29-year-old female with morbid obesity and HTN for 5 years on Losartan was seen for CKD stage 2. Her serum creatinine was 1.2 (baseline 1mg/dl 3 years ago) 1+ blood and 3+ protein on urinalysis and 24hour albuminuria of 3,717mg, proteinuria of 6,102mg with serum albumin of 3.6g/dl. GN and autoimmune panel, PLA2R antibody except weakly positive ANA at 1:180, were negative. Kappa/Lambda ratio was 1.2 with normal serum electrophoresis. On kidney biopsy, light microscopy showed increase in mesangial cellularity and matrix, thick glomerular capillary loops. IF showed diffuse granular staining for IgG (1+), IgM (1-2+), C3 (1+), kappa light chain (2+) & diffuse, pseudolinear staining along glomerular capillary for albumin (1+). EM showed sub-epithelial, intra-membranous and large subepithelial immune deposits with hump-like appearance and mesangial /subendothelial deposits with diffuse podocyte effacement and atrophic tubules suggesting acute post-infectious glomerulonephritis. Stain for IgG4 and phospholipase A2 receptor were negative. ASO titer was negative with no occult infections. Additional testing revealed diffuse positive staining for serum amyloid protein (SAP).

Discussion

MGMID is a distinct entity seen mostly in young females < 40 years with vague history of autoimmune disease and positive autoimmune serology in 55% cases. Pronase digestion to unmask the kappa IgG and staining for SAP that colocalizes with IgG in glomerular immune deposits has high sensitivity to help diagnose this rare entity.

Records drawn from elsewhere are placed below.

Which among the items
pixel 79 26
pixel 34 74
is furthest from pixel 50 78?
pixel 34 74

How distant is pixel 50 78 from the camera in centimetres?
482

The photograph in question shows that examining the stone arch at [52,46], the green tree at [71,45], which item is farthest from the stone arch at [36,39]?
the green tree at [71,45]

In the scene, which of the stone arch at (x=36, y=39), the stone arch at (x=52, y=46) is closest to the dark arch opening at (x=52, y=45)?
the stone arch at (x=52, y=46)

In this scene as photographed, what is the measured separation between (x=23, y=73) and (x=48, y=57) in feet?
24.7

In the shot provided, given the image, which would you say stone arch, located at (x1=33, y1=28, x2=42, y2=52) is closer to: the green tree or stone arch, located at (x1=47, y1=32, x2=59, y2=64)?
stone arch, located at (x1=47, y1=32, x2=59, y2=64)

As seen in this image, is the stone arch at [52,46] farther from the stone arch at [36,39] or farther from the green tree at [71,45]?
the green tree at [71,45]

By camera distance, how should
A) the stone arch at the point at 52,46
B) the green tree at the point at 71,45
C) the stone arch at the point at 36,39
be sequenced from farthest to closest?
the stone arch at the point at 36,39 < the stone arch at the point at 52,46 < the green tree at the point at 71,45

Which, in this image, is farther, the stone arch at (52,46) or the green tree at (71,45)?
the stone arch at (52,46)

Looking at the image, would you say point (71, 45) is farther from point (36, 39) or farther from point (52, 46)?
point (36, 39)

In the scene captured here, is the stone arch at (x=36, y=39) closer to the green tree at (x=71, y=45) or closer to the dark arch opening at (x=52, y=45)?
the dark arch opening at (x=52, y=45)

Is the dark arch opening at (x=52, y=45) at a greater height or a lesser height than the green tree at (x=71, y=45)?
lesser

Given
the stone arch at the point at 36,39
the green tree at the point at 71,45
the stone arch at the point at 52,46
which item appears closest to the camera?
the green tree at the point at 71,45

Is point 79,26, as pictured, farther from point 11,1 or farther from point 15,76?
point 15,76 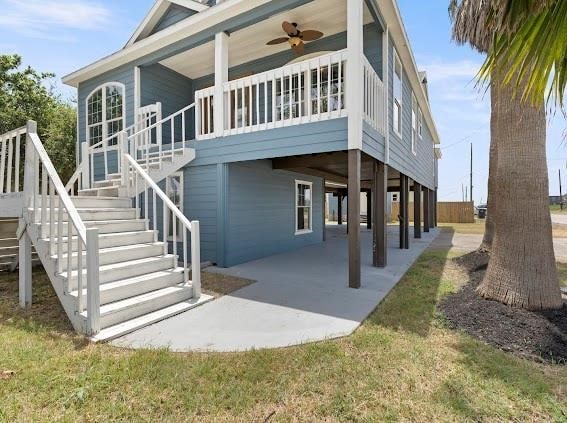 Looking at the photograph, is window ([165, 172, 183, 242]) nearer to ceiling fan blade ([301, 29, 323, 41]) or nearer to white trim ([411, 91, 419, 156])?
ceiling fan blade ([301, 29, 323, 41])

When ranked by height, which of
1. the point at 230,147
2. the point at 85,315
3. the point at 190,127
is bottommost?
the point at 85,315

Treatments reported vary from RAAS blockade or SGLT-2 inhibitors to corticosteroids, Rituximab, cyclophosphamide, mycophenolate mofetil, calcineurin inhibitor (tacrolimus). Approximately 50 % of cases responded with either conservative or immunosuppressive therapy. We decided to treat with RAAS blockade, SGLT2I and GLP1 over 6 months prior to considering immunosuppressive therapy. A central MGMID registry would be crucial to study better treatment options.